[Opening SUPPLIED INFORMATION section]
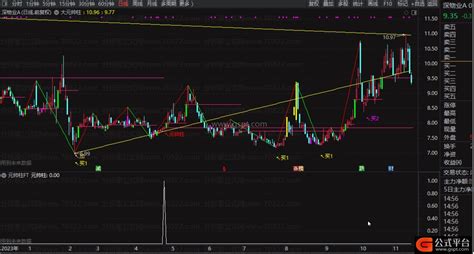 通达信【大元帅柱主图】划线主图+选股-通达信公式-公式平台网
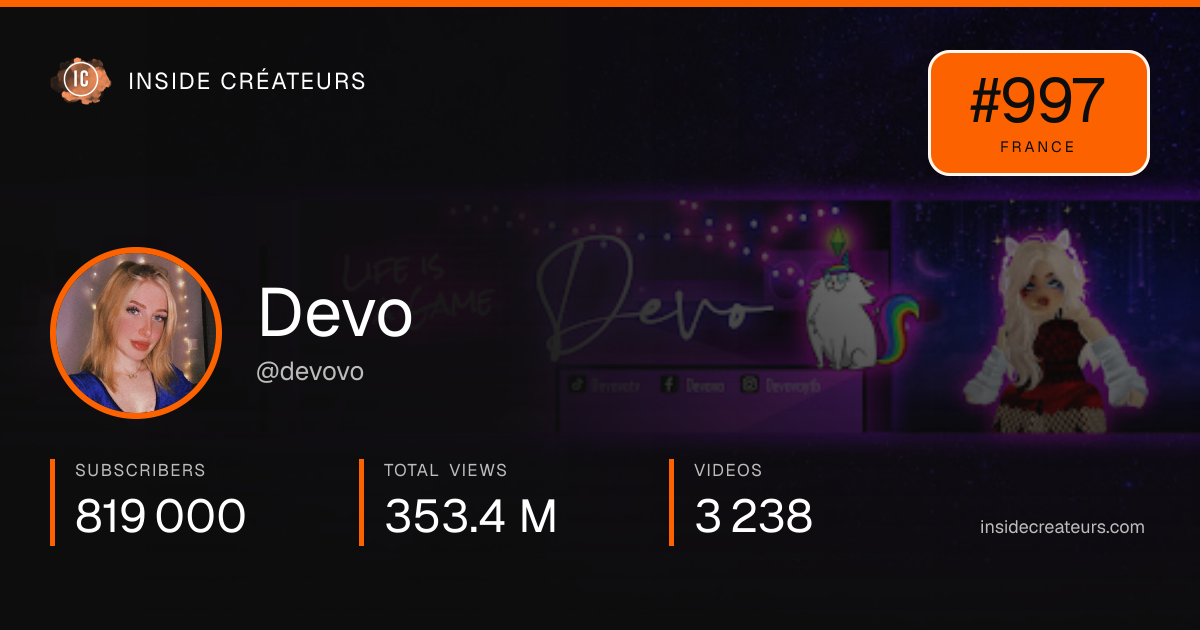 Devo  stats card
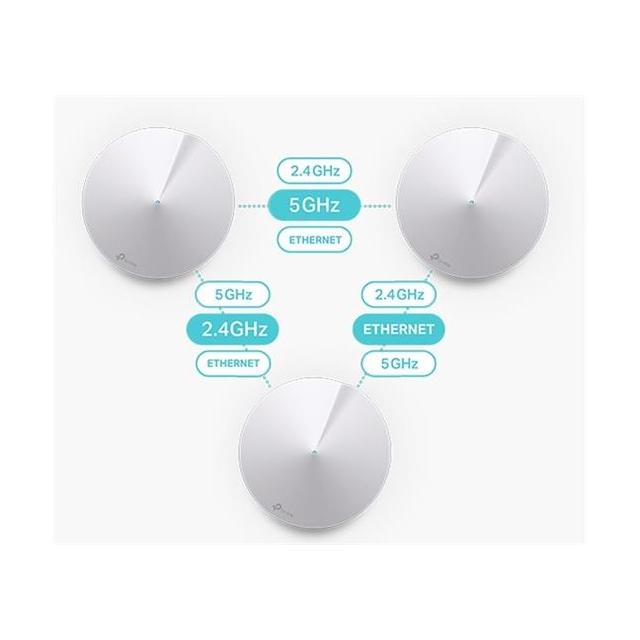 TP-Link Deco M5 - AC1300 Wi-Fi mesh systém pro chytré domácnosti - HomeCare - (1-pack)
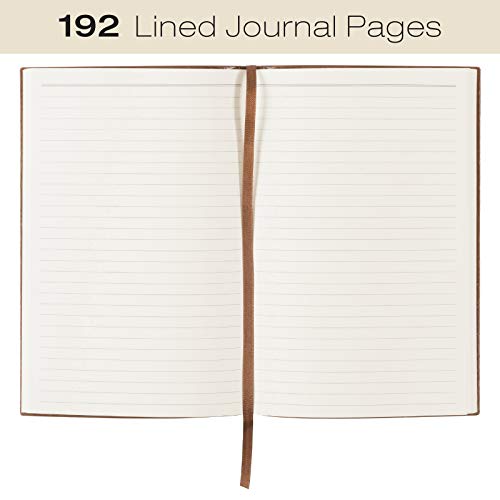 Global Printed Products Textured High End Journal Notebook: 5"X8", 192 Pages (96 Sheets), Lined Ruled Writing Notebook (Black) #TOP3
[Closing SUPPLIED INFORMATION section]
Without copying any picture, write out all of the material exactly as it reads.

**SOLUTION:**
 通达信【大元帅柱主图】划线主图+选股-通达信公式-公式平台网
 Devo  stats card
 TP-Link Deco M5 - AC1300 Wi-Fi mesh systém pro chytré domácnosti - HomeCare - (1-pack)
 Global Printed Products Textured High End Journal Notebook: 5"X8", 192 Pages (96 Sheets), Lined Ruled Writing Notebook (Black) #TOP3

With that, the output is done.